À quelques jours de la finale du Top 14 entre Toulouse et Montpellier, Thibaud Flament, deuxième ligne du Stade Toulousain et du XV de France, a choisi de mettre de côté le rugby pour se confier sur un sujet profondément personnel.
Invité du podcast d’Enora Malagré, il a livré un témoignage poignant sur le parcours de procréation médicalement assistée (PMA) qu’il traverse avec son épouse Ethel, atteinte d’endométriose. Ce témoignage éclaire aussi les raisons de son forfait au lancement du Tournoi des Six Nations en janvier dernier.
### Une décision difficile à assumer
Le 21 janvier, l’annonce de son absence lors du match contre le pays de Galles avait surpris le milieu du rugby.
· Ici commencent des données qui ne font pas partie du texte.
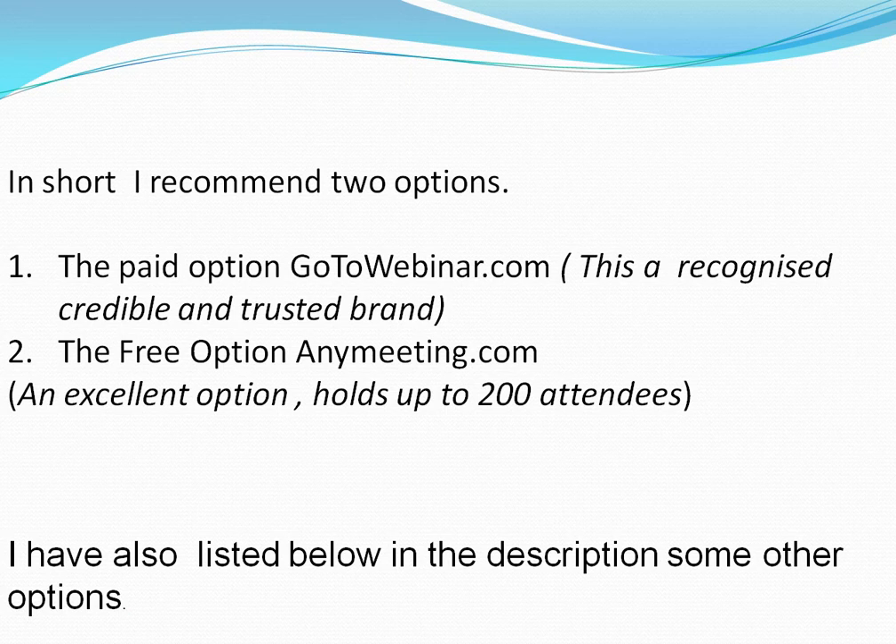And the free option is AnyMeeting.com. Another good service and an excellent option that holds up to 200 attendees.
Pour la première fois, Thibaud Flament a fait passer sa vie privée avant ses obligations sportives.
« Ça n’a pas été simple de prendre cette décision parce que beaucoup de choses se mélangeaient », confie-t-il. « Il y avait notre projet de vie et de couple qui était sur la table. Ces deux sujets allaient dans deux directions opposées. »
Le Toulousain dévoile l’urgence médicale : « Ma femme a une réserve ovarienne très faible, proche de celle d’une femme de 45 ans alors qu’elle a 29 ans. »
### « Beaucoup de doutes et peu de certitudes »
S’absenter au début d’une compétition aussi importante que le Tournoi des Six Nations représente un risque sportif majeur. « C’était le Tournoi des Six Nations, la Coupe du monde arrive bientôt… C’est une période où il faut être le plus présent possible sportivement », explique-t-il.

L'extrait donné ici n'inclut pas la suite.